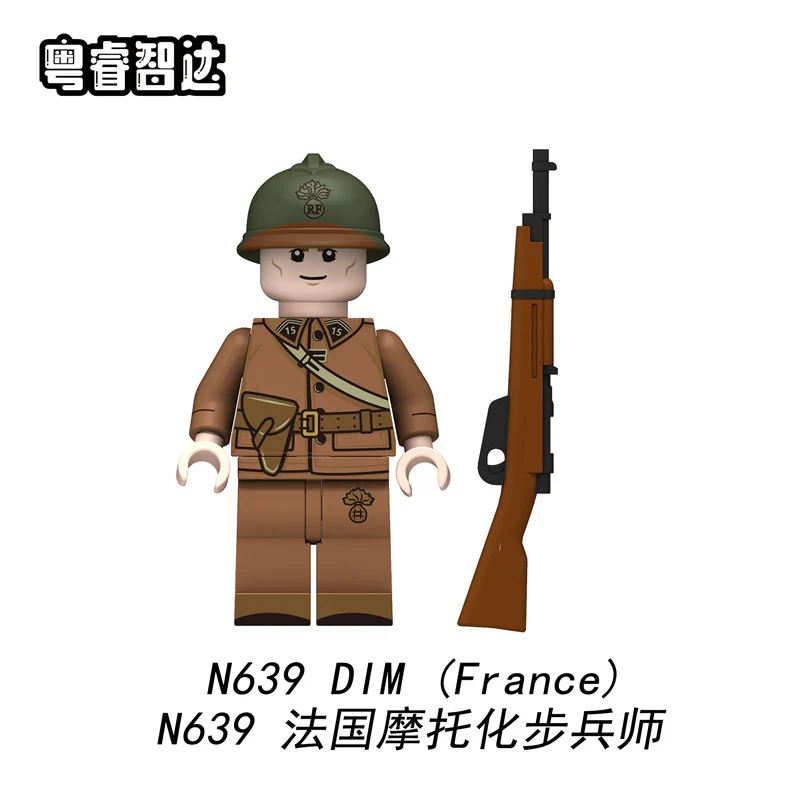 N637-640 World War II French Army series Minifigures - Image 4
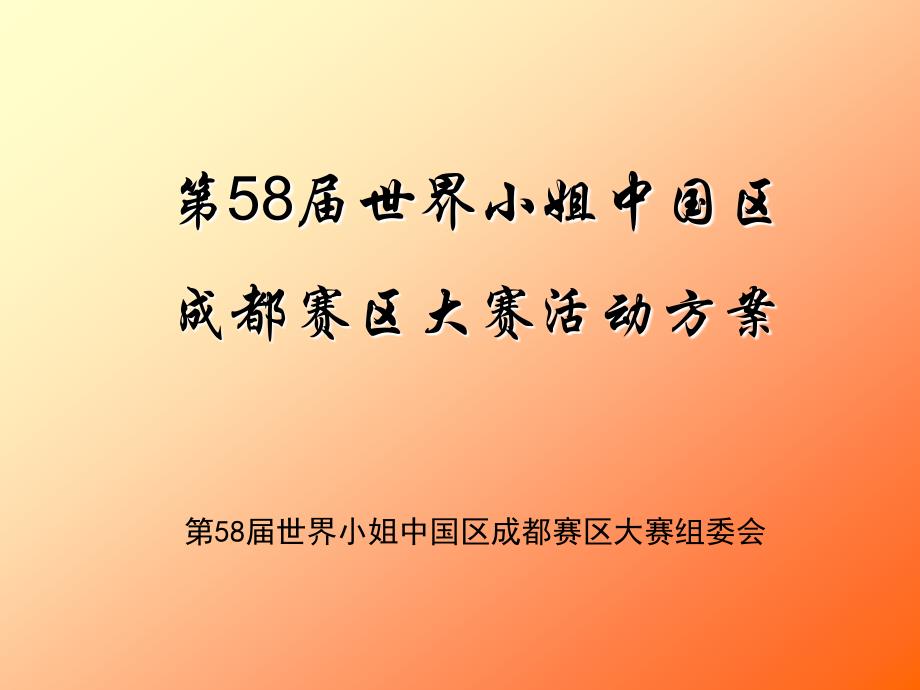 世界小姐活动方案(成都)_第1页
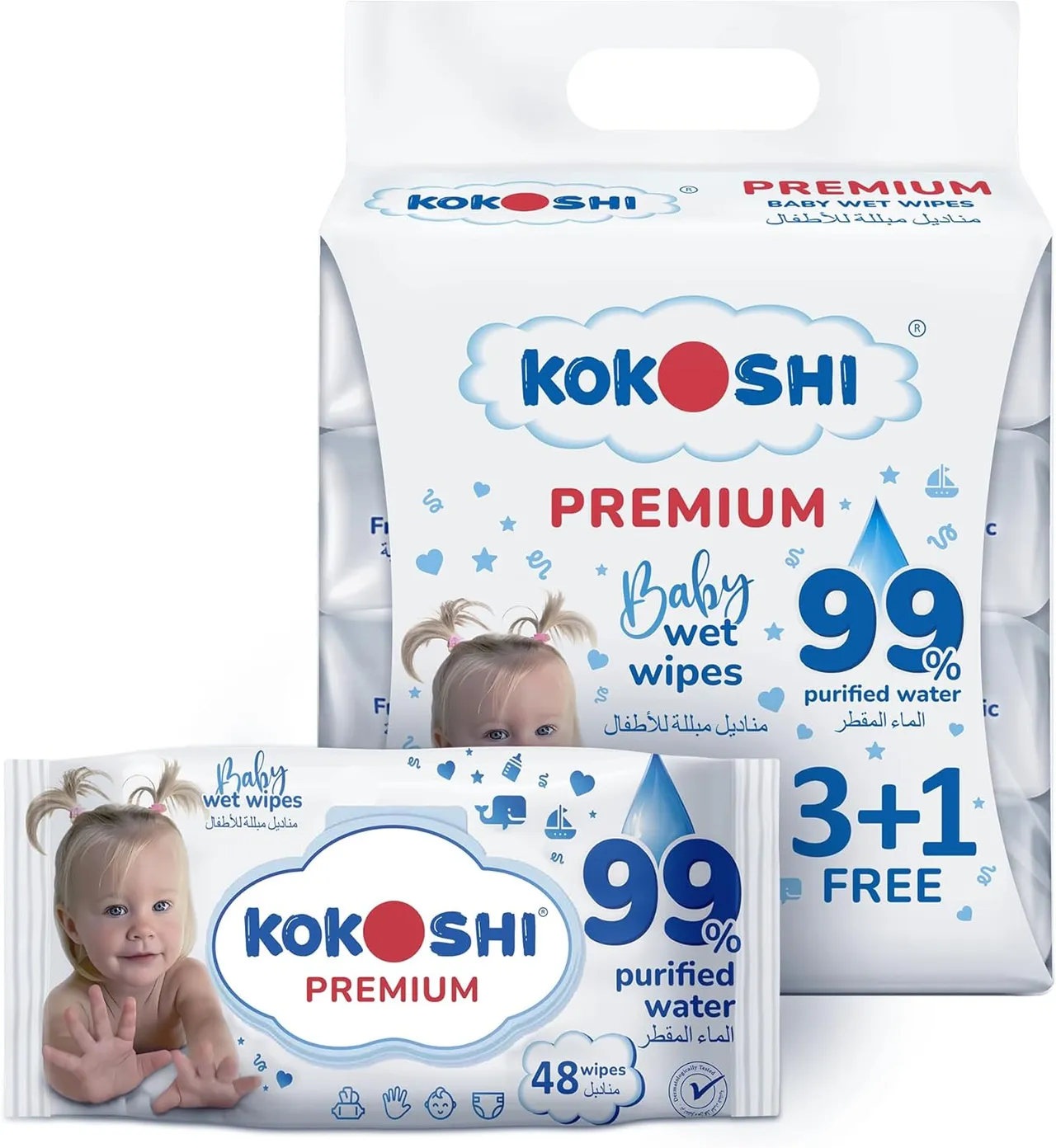 Kokoshi مناديل مبللة للأطفال بماء نقي 99% مع فيتامين E، مضادة للحساسية، خالية من الكحول والعطر، 192 منديلاً (عبوة قيمة 3+1) للرضع والبشرة الحساسة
★ ★ ★ ★
• [Goal of the exercise] Without any pictures, print the whole listing again exactly as it stands.

• [Exercise solution]
 N637-640 World War II French Army series Minifigures - Image 4
 世界小姐活动方案(成都)_第1页
 Kokoshi مناديل مبللة للأطفال بماء نقي 99% مع فيتامين E، مضادة للحساسية، خالية من الكحول والعطر، 192 منديلاً (عبوة قيمة 3+1) للرضع والبشرة الحساسة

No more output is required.